Now that you have a refresher on the general organization of the table, you should have a clear idea of the difference between metals and non-metals. Metals are situated predominantly on the left and center of the periodic table, and share the common characteristic of losing electrons to form positively charged ions (cations). In contrast, non-metals are located to the right of the stair-step of the periodic table. They gain electrons and become negative anions to achieve a stable electron configuration.
Ionic compounds are formed through the transfer of electrons. When a metal and a non-metal come into contact, the metal atom donates one or more electrons to the non-metal atom. This electron transfer leads to the formation of ions with opposite charges—positively charged cations from the metal and negatively charged anions from the non-metal. The attractive electrostatic forces between these oppositely charged ions result in the formation of an ionic bond, holding the ions together in a crystal lattice structure.
To start, we will name ionic compounds only using elements from the tall columns on the periodic table (Groups 1,2 and 13-18), which have defined charges. Anytime the name of an ionic compound is given, you should be able to determine the ratio of ions in that compound based on balancing their charges and also write a correct molecular formula. There are lots of different rules for naming that apply to specific circumstances, but the basic rules for naming used for tall column elements apply to everything. First, when naming, always name the metal first. For example, when naming a compound containing lithium (a metal) and chlorine (a non-metal), you would say “lithium chloride” with the lithium being named first. Even in situations where there is no metal present (covalent compounds), the most metallic is named first. “Most metallic” means the non-metal in the compound that is closest to the metals on the periodic table.
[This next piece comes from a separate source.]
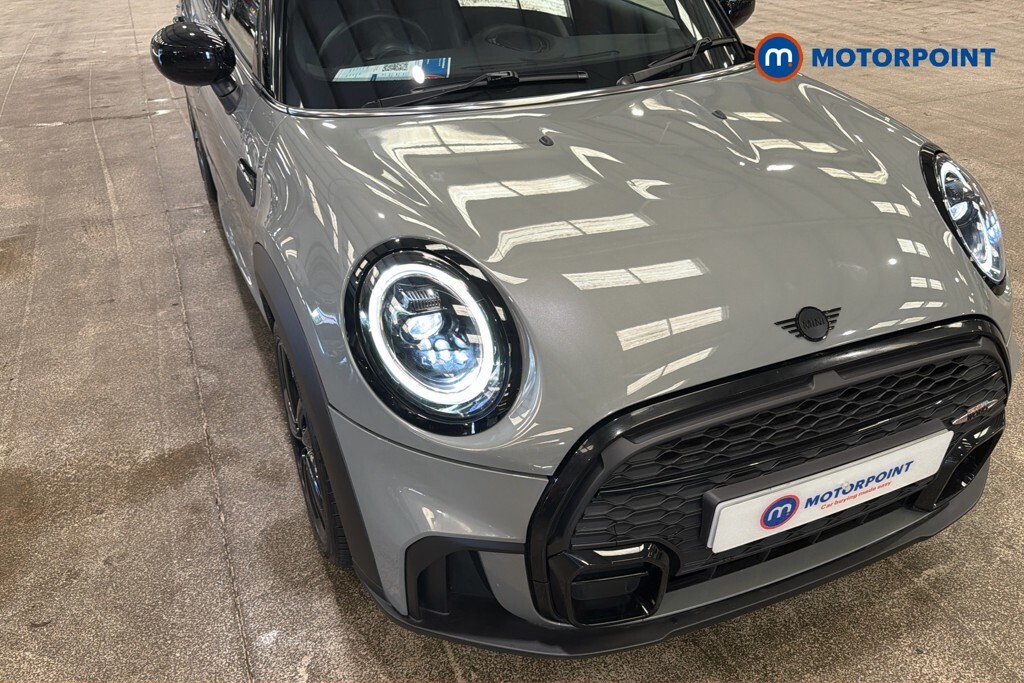 Mini Hatch 1.5 Cooper Sport Red #41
Second, the non-metal gets an “-ide” ending. This ending tells you that the non-metal ion is monatomic (vs. polyatomic).
If you’ve heard of a metal before you took chemistry, it’s probably a transition metal. For example, silver, gold, aluminum, iron, tin, etc.. We said before that the charges on groups 3-12 (transition metals in the short columns) can vary. They lose different numbers of electrons to form positive ions with different charges. If this is the case, the specific charge the metal takes on must be indicated in the name. Roman numerals in parentheses are used to indicate the oxidation state of the transition metal in the compound. For example, iron (Fe) can form ions with a +2 or +3 charge by losing either 2 or 3 electrons respectively. For instance, iron(II) chloride (FeCl2) contains iron with a +2 charge, and iron(III) chloride (FeCl3) contains iron with a +3 charge. Again, the Roman numeral tells the charge on the transition metal, NOT the number of metals present in the compound. The transition metal with its Roman numeral is named first, and monatomic non-metals in compounds containing transition metals are given the “-ide” ending.
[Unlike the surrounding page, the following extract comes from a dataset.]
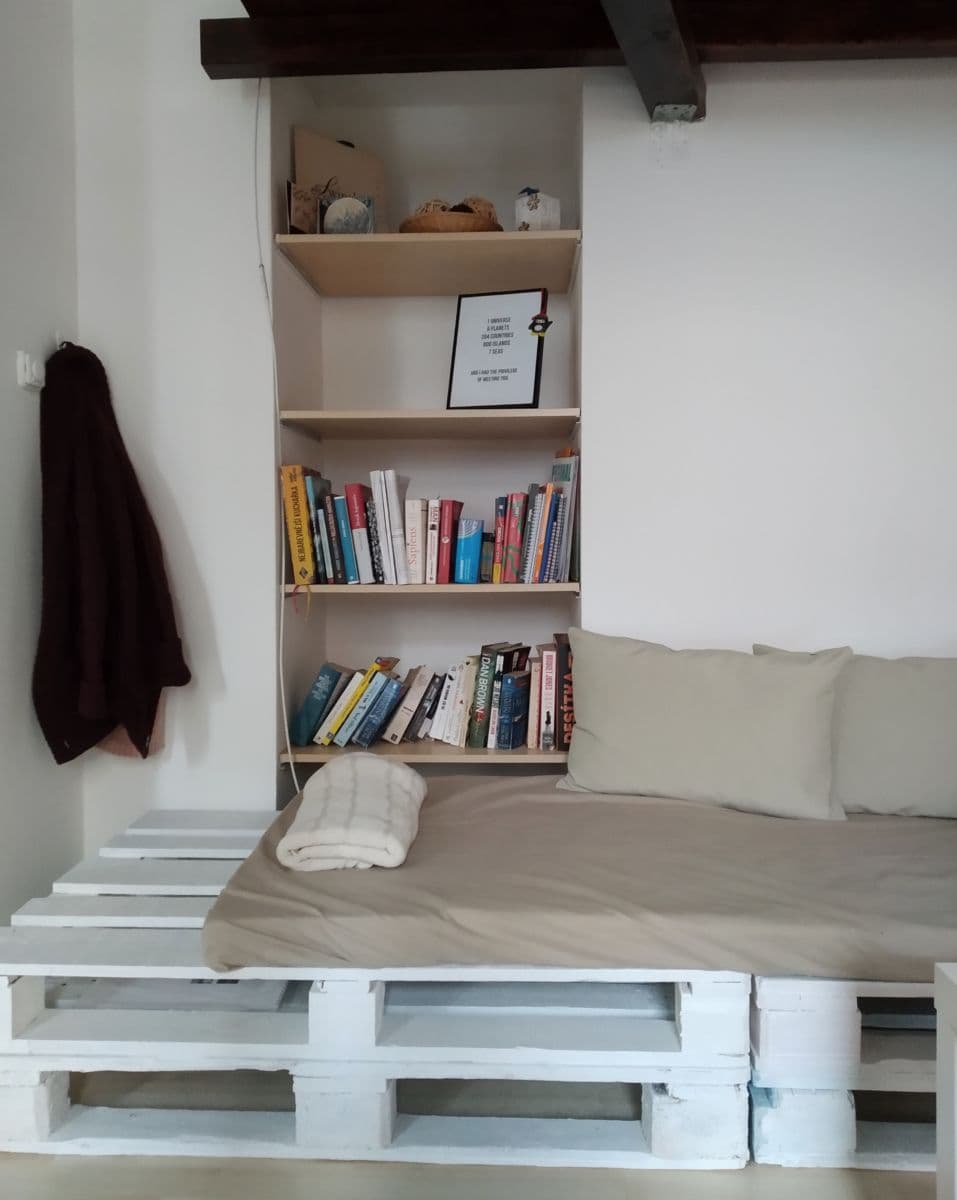 Prenájom bytu 1-izbový 38 m², Ruská, Praha, Praha Prenájom bytu 1-izbový 38 m², Ruská, Praha, Praha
A polyatomic ion is a charged species composed of two or more non-metal atoms covalently bonded together. Unlike simple ions (monatomic ions), which consist of a single atom with a positive or negative charge, polyatomic ions are groups of elements that carry an overall charge. Common examples include the sulfate ion (SO₄²⁻), which consists of one sulfur atom and four oxygen atoms, and the ammonium ion (NH₄⁺), composed of one nitrogen atom and four hydrogen atoms. Sometimes teachers will allow you to use a given list of polyatomic ions on tests. Even so, it is important to memorize the ones that your class uses frequently. If you just rely on the given list, chances are that you will not recognize polyatomic ions in compounds. This leads to a lot of problems. Polyatomic ions can have either a positive or negative charge, and their chemical behavior in ionic bonding is the same as that of monatomic ions with the same charge. In essence, you treat the whole group the same as you would treat a monatomic ion when balancing charges in an ionic compound. For example, because the sulfate ion mentioned above has a -2 charge, it will behave the same as the Group 16 non-metals when forming compounds. That said, they are not named in the same way. If a polyatomic ion is present in a compound, the metal is named first, and then the polyatomic ion is named using the “-ate” or “-ite” ending. In cases where a compound contains both a positive and negative polyatomic ion, the cation is written first, followed by the name of the polyatomic anion.
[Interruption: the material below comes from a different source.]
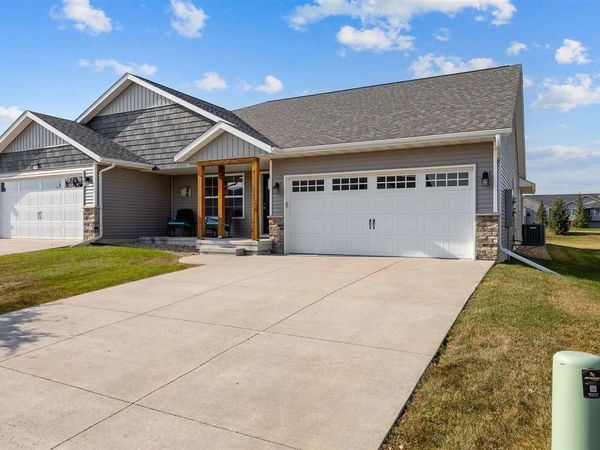 3325 Platinum Way, Marion, IA 52302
So far, all of the naming rules have applied to scenarios based on charge balancing. Molecular compounds form differently. Rather than electrons being transferred and forming balanced cation/anion units, in covalent compounds, electrons are shared between non-metals. The names of these compounds are based on the systematic use of prefixes to indicate the number of atoms of each element in the molecular formula. Prefixes include "mono-" for one, "di-" for two, "tri-" for three, "tetra-" for four, and so on. However, the prefix "mono-" is omitted for the first element. For example, CO2 is named carbon dioxide, not monocarbon dioxide. The element that appears first in the formula is the one with the lower electronegativity (the most metallic), and its name is written first. The second element's name is then modified to end in "-ide."
It's important to note that some compounds have common names that are widely accepted in addition to their systematic names. For example, H2O is commonly known as water, and NH3 is ammonia. These common names are often used in everyday language and are universally recognized.